▶ _PROBLEM_: Both the line below containing "楽天市場】キーボードスライダー付き パソコンデスク 幅60 キャスター" and the line containing "Новости проектов от", along with every line between them, should be repeated exactly; no other line belongs in the answer.

▶ _DATA LISTING_:
+ + + + + + +
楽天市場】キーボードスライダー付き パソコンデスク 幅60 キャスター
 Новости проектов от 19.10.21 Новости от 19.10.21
+ + + + + + +
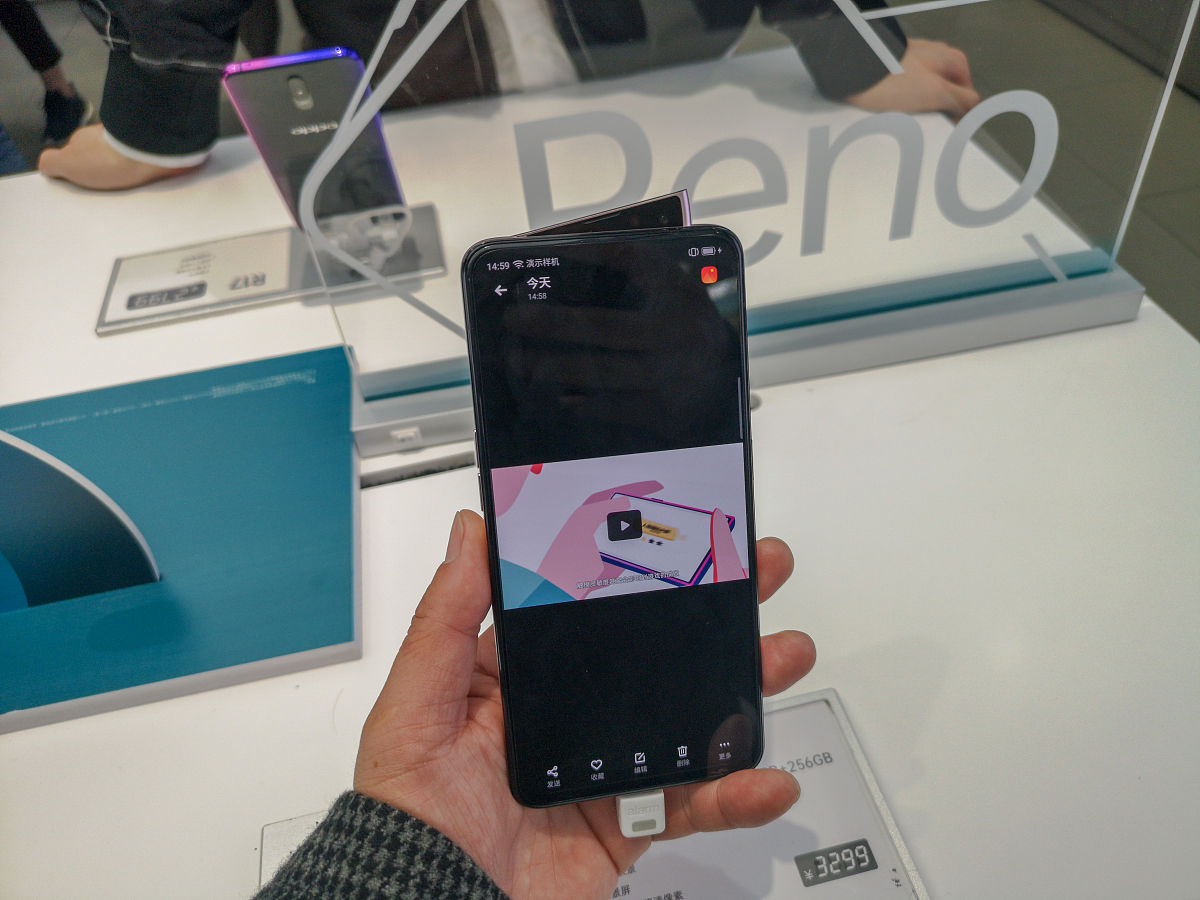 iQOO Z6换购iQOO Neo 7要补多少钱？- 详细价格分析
+ + + + + + +
▶ _WRITTEN REPLY_:
楽天市場】キーボードスライダー付き パソコンデスク 幅60 キャスター
 Новости проектов от 19.10.21 Новости от 19.10.21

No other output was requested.